Learning to Localize Leakage of Cryptographic Sensitive Variables

from arxiv, Accepted to TMLR (Transactions on Machine Learning Research), 2026. Camera-ready version. 65 pages, 21 figures. Code available at https://github.com/jimgammell/learning_to_localize_leakage

While cryptographic algorithms such as the ubiquitous Advanced Encryption Standard (AES) are secure, *physical implementations* of these algorithms in hardware inevitably 'leak' sensitive data such as cryptographic keys. A particularly insidious form of leakage arises from the fact that hardware consumes power and emits radiation in a manner that is statistically associated with the data it processes and the instructions it executes. Supervised deep learning has emerged as a state-of-the-art tool for carrying out *side-channel attacks*, which exploit this leakage by learning to map power/radiation measurements throughout encryption to the sensitive data operated on during that encryption. In this work we develop a principled deep learning framework for determining the relative leakage due to measurements recorded at different points in time, in order to inform *defense* against such attacks. This information is invaluable to cryptographic hardware designers for understanding *why* their hardware leaks and how they can mitigate it (e.g. by indicating the particular sections of code or electronic components which are responsible). Our framework is based on an adversarial game between a classifier trained to estimate the conditional distributions of sensitive data given subsets of measurements, and a budget-constrained noise distribution which probabilistically erases individual measurements to maximize the loss of this classifier. We demonstrate our method's efficacy and ability to overcome limitations of prior work through extensive experimental comparison on 6 publicly-available power/EM trace datasets from AES, ECC and RSA implementations. Our PyTorch code is available at https://github.com/jimgammell/learning_to_localize_leakage.

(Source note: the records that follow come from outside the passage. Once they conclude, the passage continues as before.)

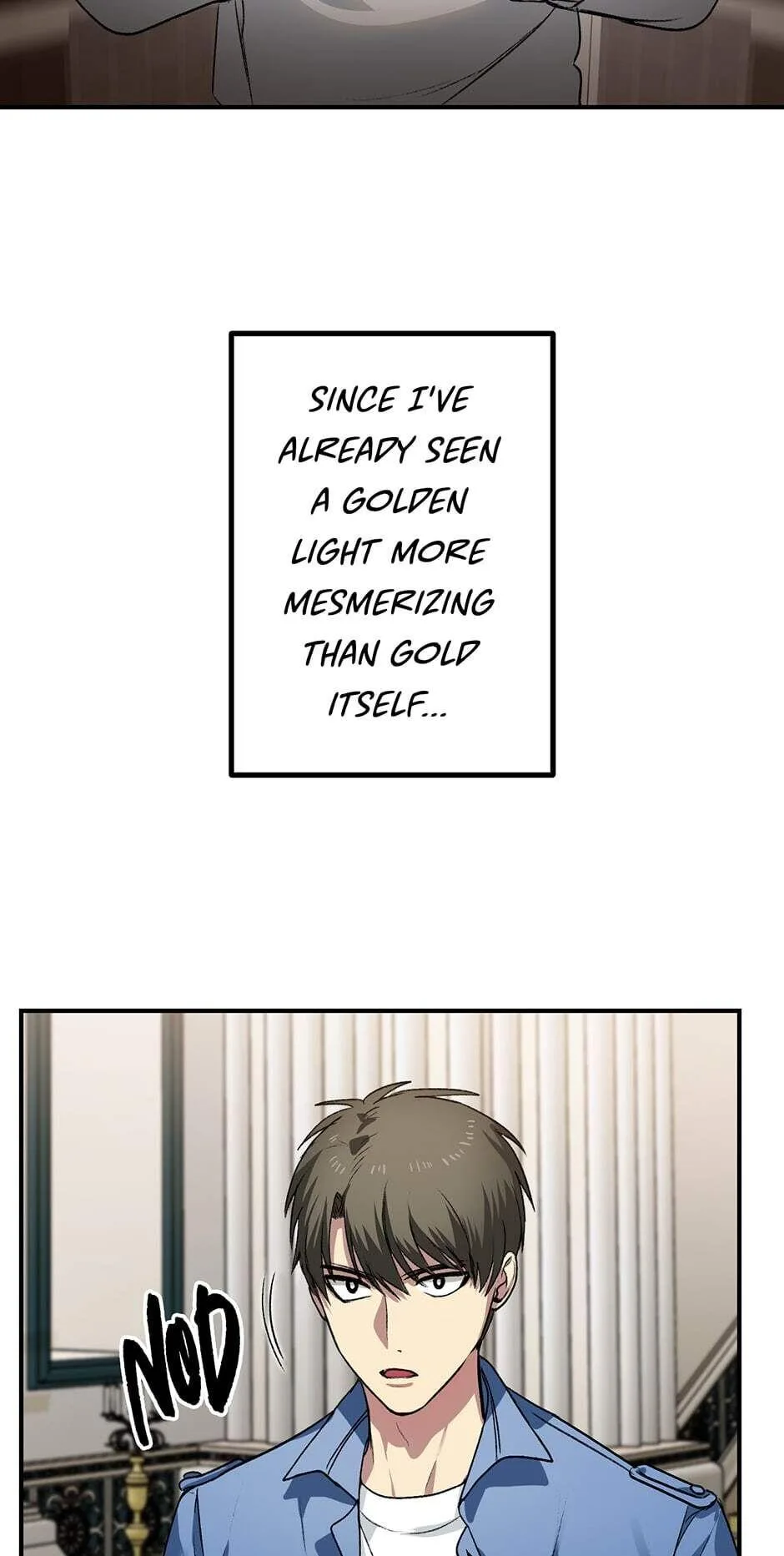 SSS-Class Revival Hunter Chapter 8 – Page 71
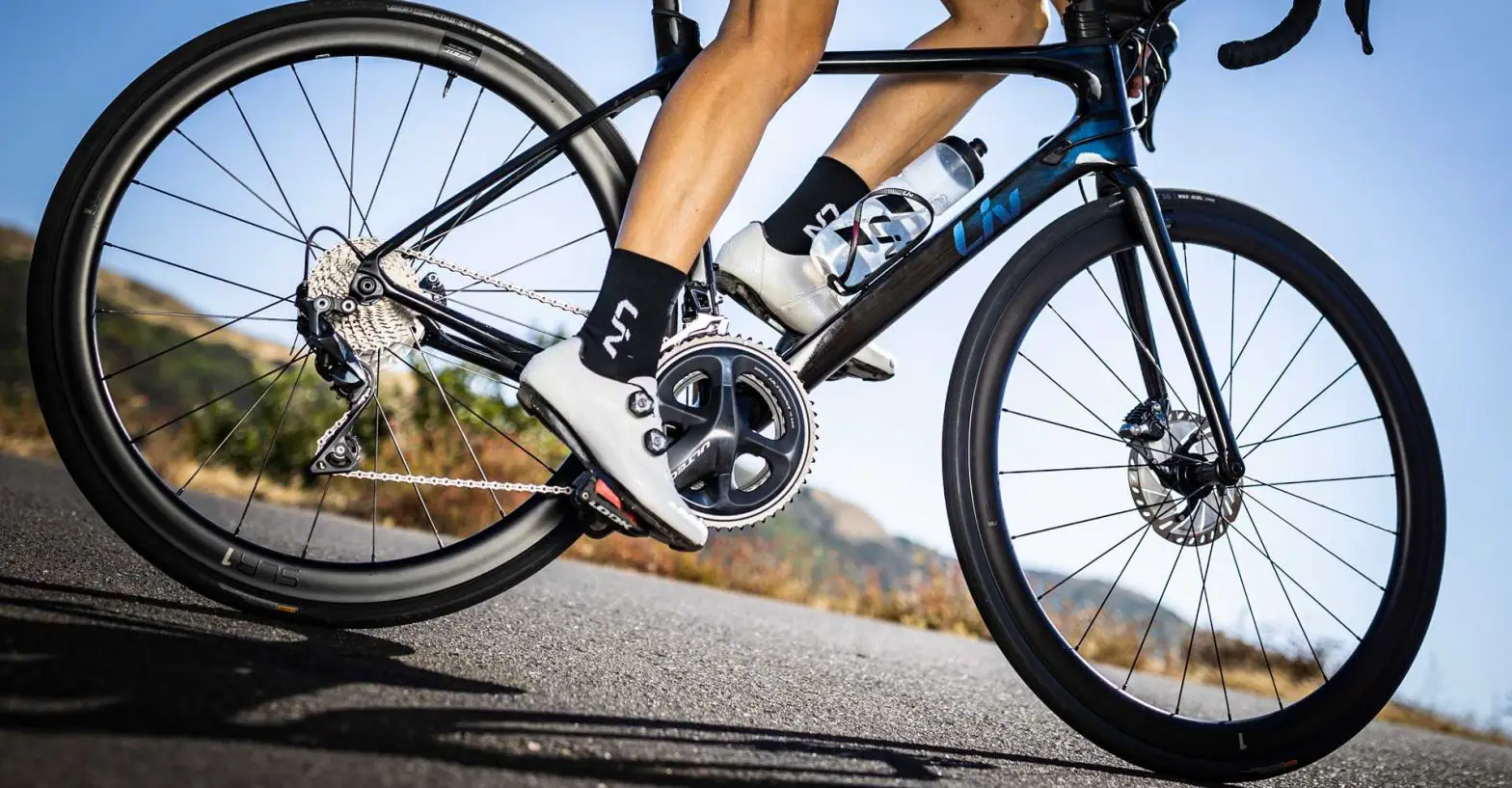 Giant Hookless Wheel Systems Instructions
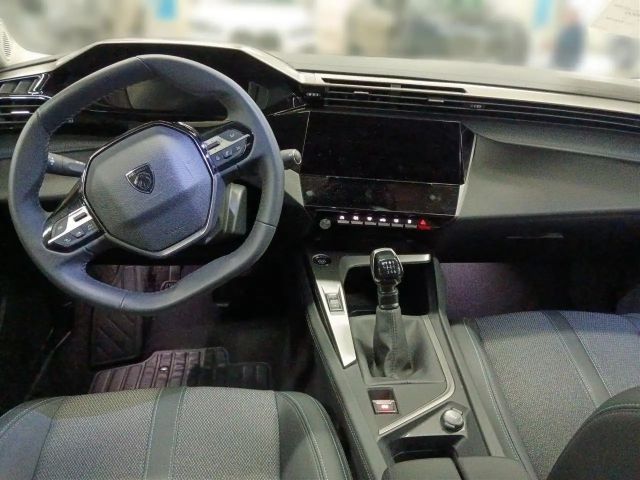 Peugeot 308 Allure Pack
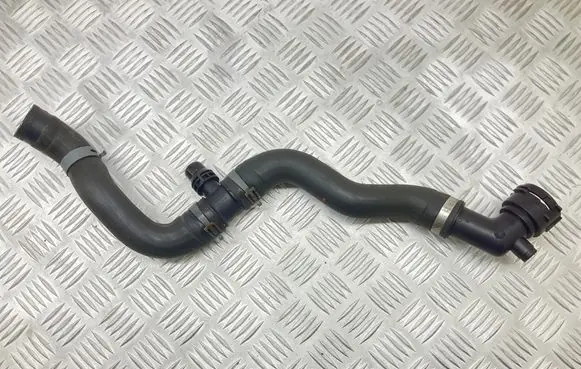 Audi A4 S4 B9 Engine coolant pipe/hose 8W0121140 8W0122293H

翻译：虽然诸如广泛使用的高级加密标准（AES）等加密算法本身是安全的，但这些算法在硬件中的*物理实现*不可避免地会泄漏诸如加密密钥之类的敏感数据。一种特别隐蔽的泄漏形式源于硬件在消耗电能和发射电磁辐射时，其统计特性与其所处理的数据以及执行的指令相关。监督式深度学习已成为执行*侧信道攻击*的最先进工具，这种攻击通过利用泄漏，学习将加密过程中的功耗/电磁辐射测量值与在此期间操作处理的敏感数据对应起来。本文中，我们开发了一个规范的深度学习框架，用于确定不同时间点记录测量值所对应的相对泄漏量，从而为针对此类攻击的*防御*提供信息。该信息对于加密硬件设计者理解其硬件*为何*泄漏以及如何减轻泄漏（例如，通过指出导致泄漏的特定代码段或电子元件）具有不可估量的价值。我们的框架基于一个对抗性博弈：一方是训练用于在给定测量子集条件下估计敏感数据条件分布的分类器，另一方是一个受预算约束的噪声分布，该分布以概率方式擦除单个测量值，以最大化该分类器的损失。通过对源自AES、ECC和RSA实现的6个公开可用的功耗/电磁辐射迹数据集进行广泛的实验对比，我们展示了所提方法的有效性及其克服先前工作局限性的能力。我们的PyTorch代码可在https://github.com/jimgammell/learning_to_localize_leakage获取。